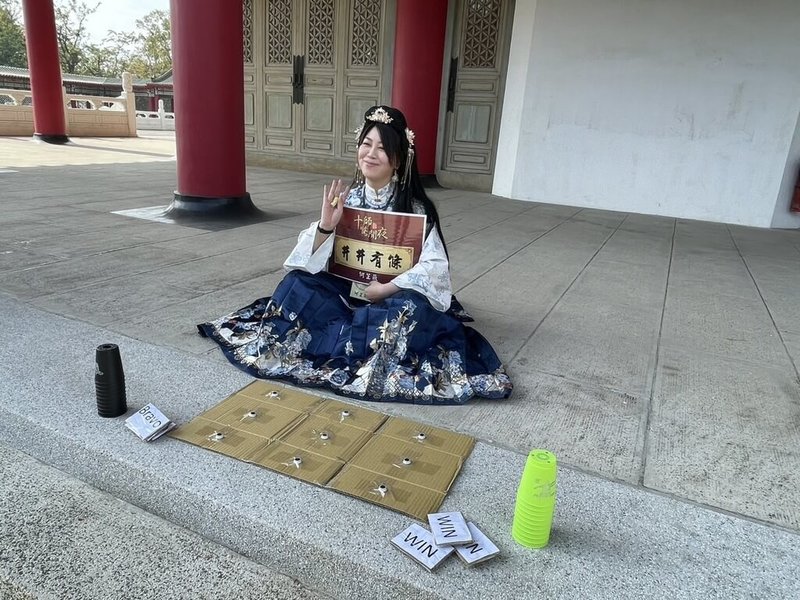高雄市聲暉協會近日在高雄市孔廟舉辦聽障者大型解謎活動,與會者穿上古裝,在孔廟中穿梭闖關,活動吸引近百人參加。(高雄市聲暉協會提供)中央社記者林巧璉傳真 114年1月2日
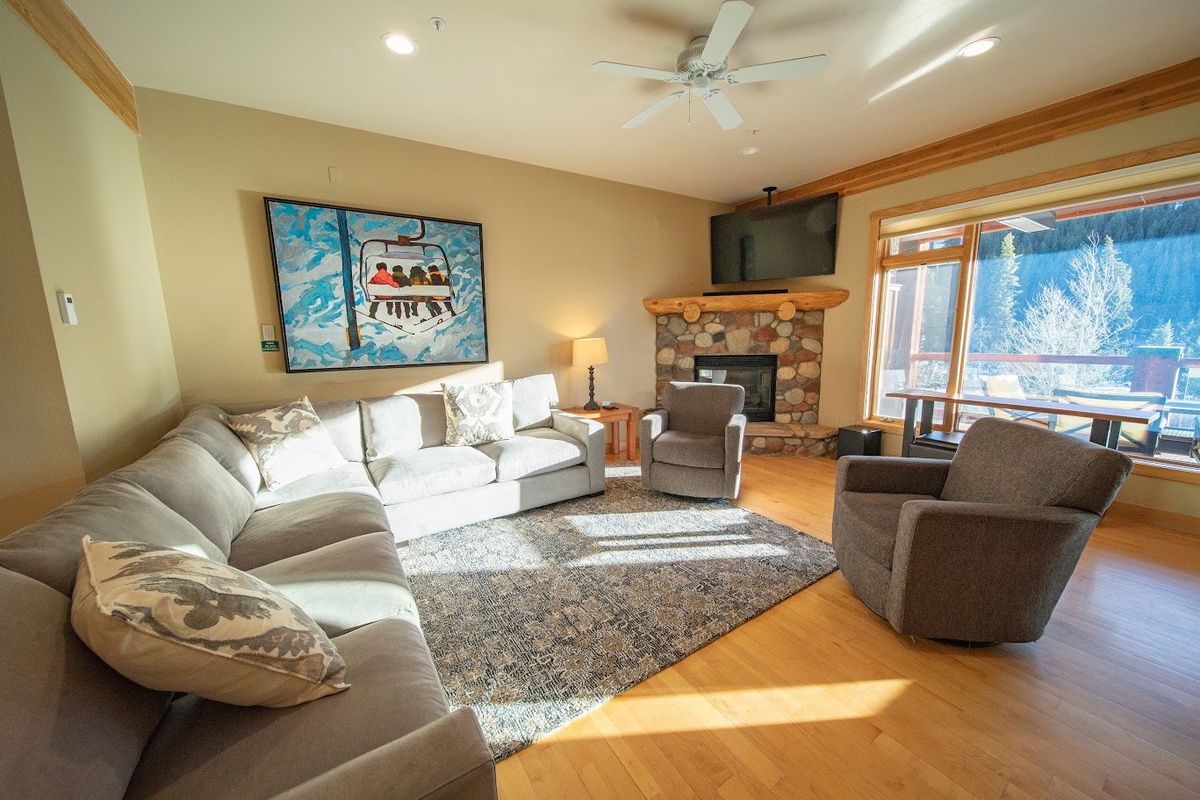 Stunning Vacation Condo at Mill Creek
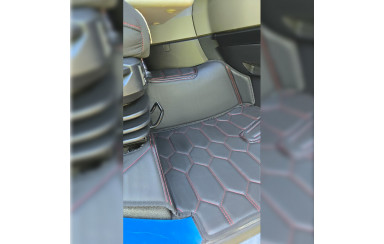 Коврик 3D Экокожа MAN TGS 2023 г. (СПАЛКА) ручник, 2 ящика, черный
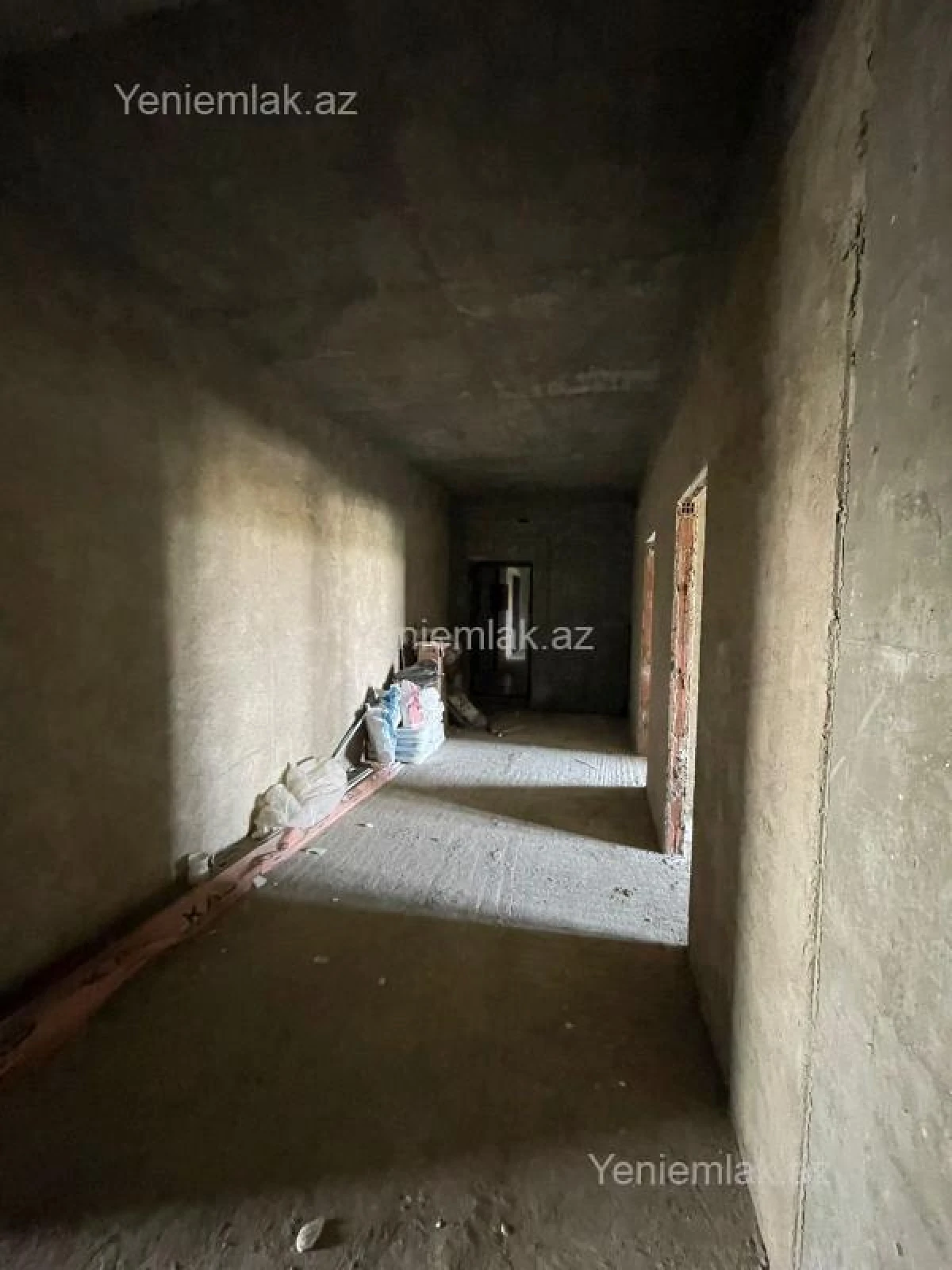 Satılır 4 otaqlı yeni tikili 182 m²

WORK TASK: Please write out all of the data verbatim, with no pictures in the copy.

RESULT:
高雄市聲暉協會近日在高雄市孔廟舉辦聽障者大型解謎活動,與會者穿上古裝,在孔廟中穿梭闖關,活動吸引近百人參加。(高雄市聲暉協會提供)中央社記者林巧璉傳真 114年1月2日
 Stunning Vacation Condo at Mill Creek
 Коврик 3D Экокожа MAN TGS 2023 г. (СПАЛКА) ручник, 2 ящика, черный
 Satılır 4 otaqlı yeni tikili 182 m²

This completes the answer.